Is there a way to convince Rails to ignore those headers and treat the text/plain text as strings instead of text files? Or a quick way to put a filter in front of my controller that will strip the extra headers?
Alternately, is there a better tool to load-test a Rails application that includes file upload?
Turns out these days you can just tick "use browser compatible headers" in JMeter. Could've saved myself a hell of a lot of time there :-)
So, I have customized JMeter's multipart request posting part in the source code to put out the request that rails understand. The change is easy as shown below but to create compiling Java/JMeter environment took time. :(
Anyways, now I can successfully upload a file by multipart post via JMeter.
in src/protocol/http/org/apache/jmeter/protocol/http/sampler/PostWriter.java
writeStartFileMultipart()
//writeln(out, "Content-Transfer-Encoding: binary"); // $NON-NLS-1$
writeFormMultipart()
/*****
writeln(out, "Content-Type: text/plain; charset=" + charSet); // $NON-NLS-1$
writeln(out, "Content-Transfer-Encoding: 8bit"); // $NON-NLS-1$
*****/
P.S.
A tip tip to create the build environment for 2.4 is
to comment out the 3rd party libraries check in build.xml file.

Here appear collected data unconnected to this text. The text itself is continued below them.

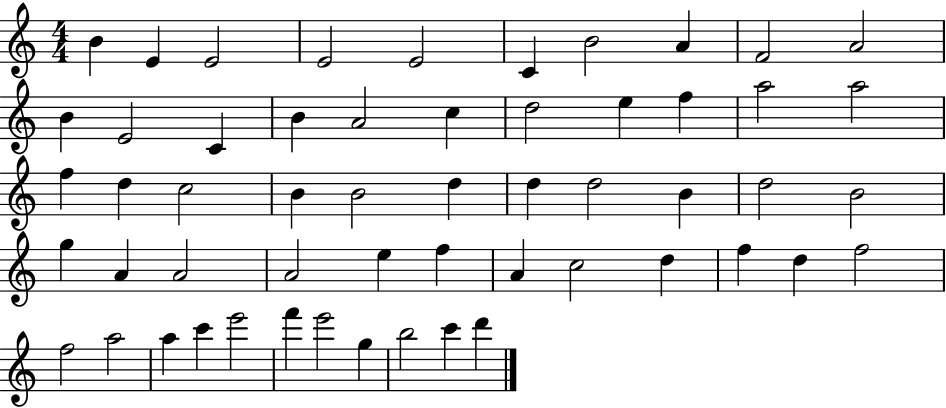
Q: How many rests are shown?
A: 0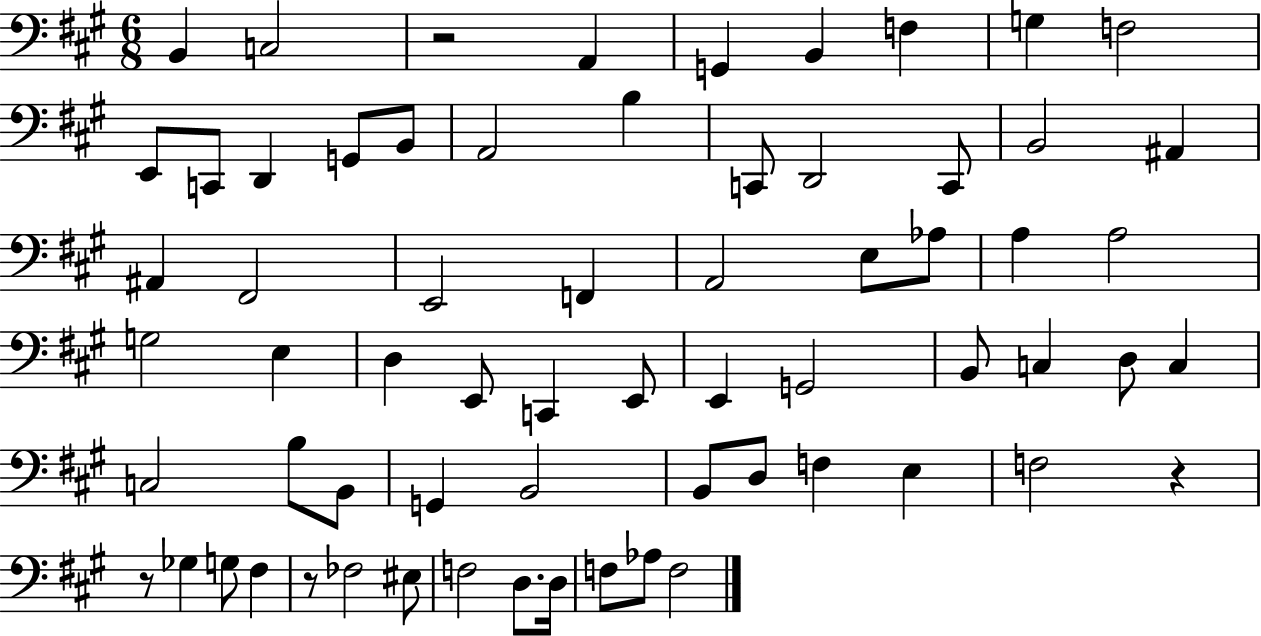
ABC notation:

X:1
T:Untitled
M:6/8
L:1/4
K:A
B,, C,2 z2 A,, G,, B,, F, G, F,2 E,,/2 C,,/2 D,, G,,/2 B,,/2 A,,2 B, C,,/2 D,,2 C,,/2 B,,2 ^A,, ^A,, ^F,,2 E,,2 F,, A,,2 E,/2 _A,/2 A, A,2 G,2 E, D, E,,/2 C,, E,,/2 E,, G,,2 B,,/2 C, D,/2 C, C,2 B,/2 B,,/2 G,, B,,2 B,,/2 D,/2 F, E, F,2 z z/2 _G, G,/2 ^F, z/2 _F,2 ^E,/2 F,2 D,/2 D,/4 F,/2 _A,/2 F,2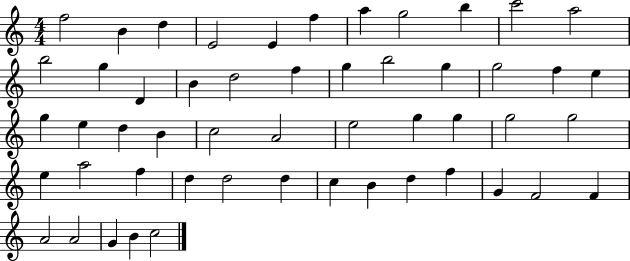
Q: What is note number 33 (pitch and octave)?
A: G5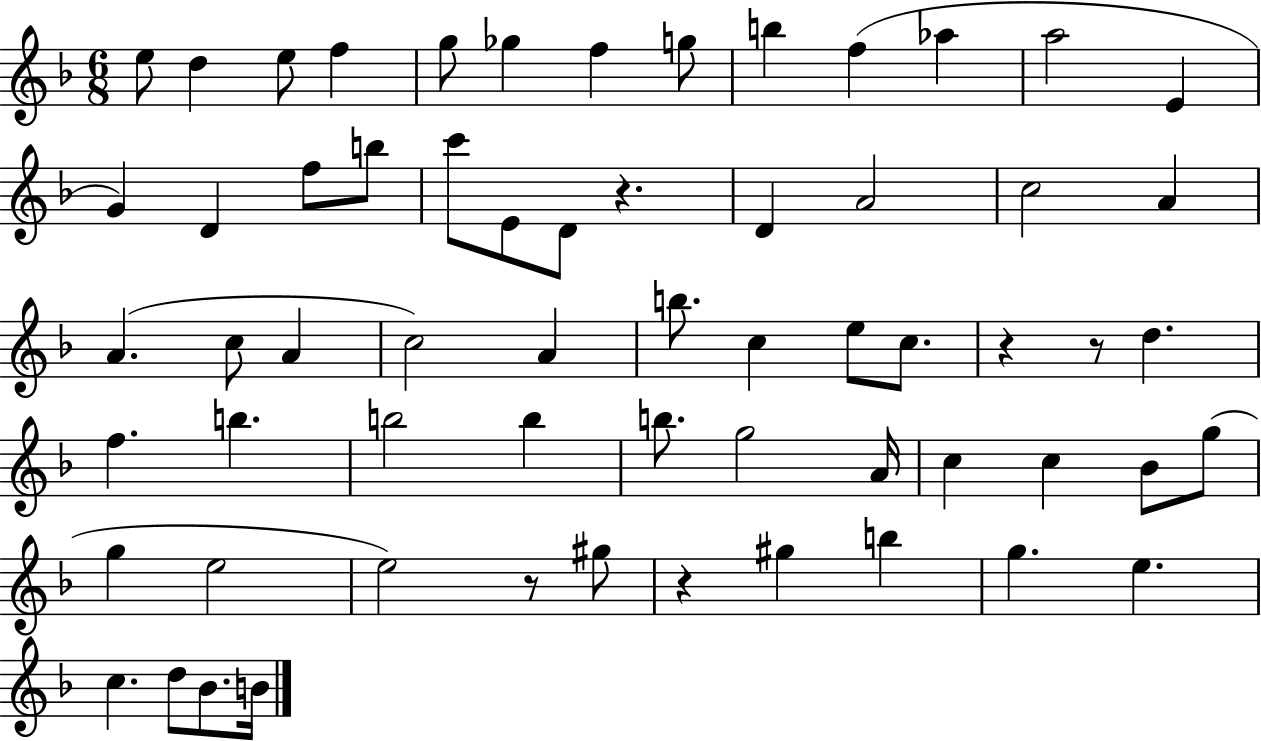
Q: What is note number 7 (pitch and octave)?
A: F5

copy lib/xstream-1.3.1.jar from binary archive into lib/ directory
There may be a better way, but I ended up adding a quick filter to turn the text/plain tempfiles into strings within the parameter hash:
def change_text_files_to_strings
params.each_pair do |key, value|
params[key] = value.read if (value.class.to_s=='Tempfile' && value.content_type.start_with?('text/plain') )
end
end
By the way, it turns out that jmeter is correct here, and rails incorrect: according to RFC 2388, each item in a multipart request should have a content type (not just files), so Rails really shouldn't be using the presence of a content-type header to determine whether it's a file. Ah well.
I also used the solution above as ColdFusion was sending similar headers (minus the Content-Transfer-Encoding) with each piece of form data. I wonder if there's a better way.
EDIT: Anyone know if this has been fixed in Rails 3?
What kind of error do you get? Something like
NoMethodError (undefined method `rewind' for "1":String):
There is an issue with Rack that could explain your problem. See https://github.com/rack/rack/issuesearch?state=open&q=rewind#issue/116
We were also having a similar issue, In addition to the above answers we also correlate the X-CSRF-Token of HTTP Header Manager in that request and were
successfully able to upload the required media as many as times we wanted.